Theology includes but goes beyond the scientific study of religious matter (e.g. the critical reading of religious texts, the psychology of religious belief, the history of the development of doctrine) to risk first order accounts of God’s relationship with the world. But far from repeating unchanging and unalterable (dead) definitions, theology seeks, through dialogue with contemporary insight, to ever-again formulate the basic convictions and questions of the Christian community, to capture afresh their transformational potential. As such, theology properly belongs in a contemporary university.

Whether or not chaplains share in the formal teaching and research in theology in their institutions, all chaplains are public theologians. We are interpreters and bearers of the Gospel. We are thus those who ask, for Jesus’ sake, how God is related to the world in which we participate. By the questions we provide, and the questions we provoke, both in speech and in action, we witness to the presence and relevance of the theological perspective.

10. Opportunities for worship and celebration: The Anglican tradition has been deeply shaped by regular daily, public prayer and the celebration of the festivals, marking out the Christian (and academic) year. Creating opportunities for prayer, celebration, and individual and communal exploration of faith and spirituality, will be part of an Anglican university.

The Anglican tradition of public prayer has been shaped by the monastic and then cathedral patterns of practice. The Book of Common Prayer and Common Worship both display this inheritance. Through the rhythm of prayer, space is rescued from mere geometrical extension and time from mere chronological duration. Rather space and time are sanctified as the mediators of God’s presence and love.

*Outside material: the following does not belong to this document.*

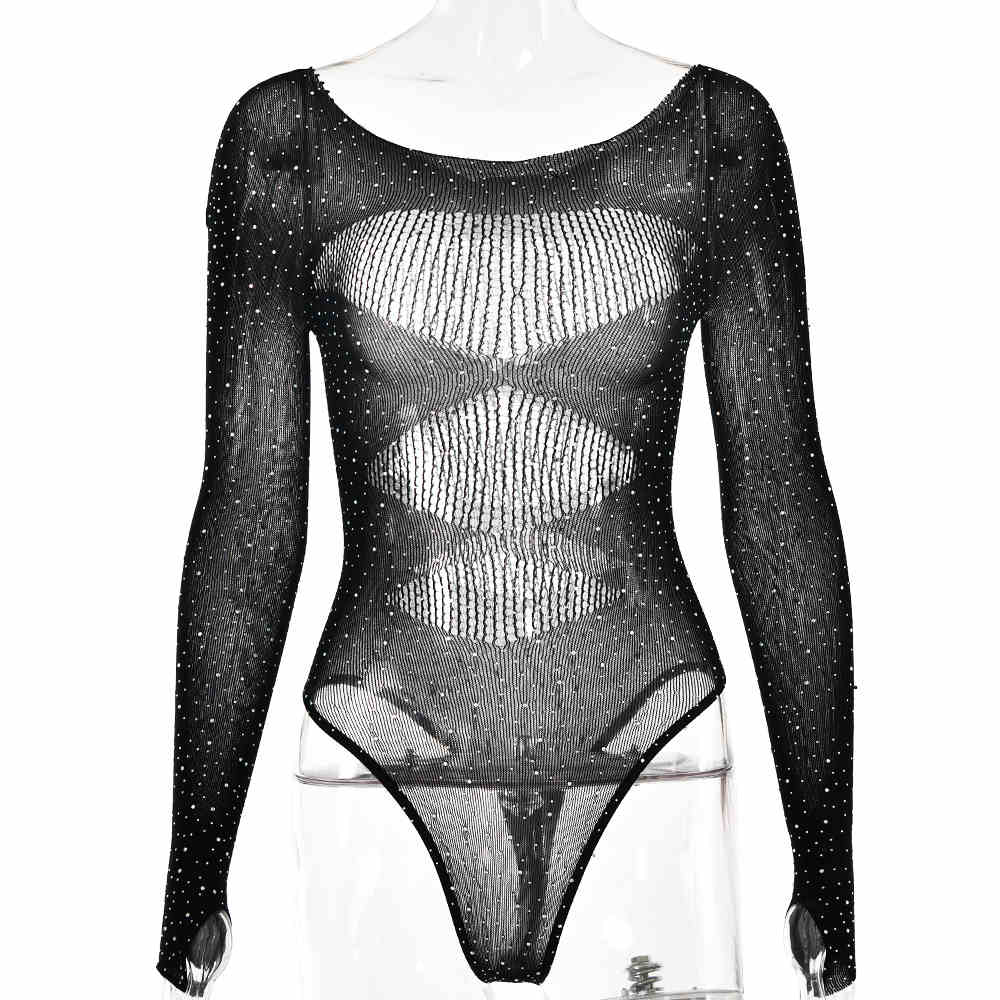Y2K Hot Girl Hollow Mesh Long-sleeved Jumpsuit - Image 7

Chaplaincy has an axiomatic role to play in providing opportunities for public worship, be they to mark the great Christian festivals, which still shape the academic year, key occasions in the life of the university or to sustain the daily pattern of chapel liturgy. Attendance will be, of course, a matter for individual choice, though many of those who remain absent will appreciated knowing that prayer continues to be offered – the phenomenon of vicarious religion (Davie).

That the chapel is home to a practicing Christian community authenticates the metanarrative of Christianity within which the founding our institutions find their place. It also keeps alive the possibility that the day to day tasks of life can open onto a mysterious, transcendent beyond.

11. A living connection to the (local, national and international) Anglican Church: Anglican identity will be nurtured and encouraged via a network of reciprocal relationships with the local dioceses, the national church (particularly the Board of Education) and the world-wide Anglican communion. The university will also act as an intellectual resource and critical reflector for the Church. Networks such as the Cathedrals Group and Colleges and Universities of the Anglican Communion will also facilitate such exchanges and chaplaincy can play a vital bridging role between the institution and the wider church.

At the heart of Anglican sensibility is the conviction that it is not possible to be Anglican in isolation. We need each other. Thus parishes are part of deaneries and deaneries dioceses. Dioceses belong to provinces and provinces cohere together via the world-wide Anglican Communion. This conviction flows from an essentially Trinitarian logic: person and relation are equally primary.

Chaplaincy exists as a conspicuous ‘outpost’ of the wider Anglican church in the university, and as a representative of the university in the in the local, national and international Church. We have a vital mediating role to perform, one that requires simultaneous translation (c.f. Shakespeare, 2007) as we seek to make each transparent to the other. Sometimes relationships between the university and the church will bypass us in ways that are frustrating, even hurtful. At such times our task is to rejoice that communication is taking place and to stand ready to catalyse such conversations when we are again required.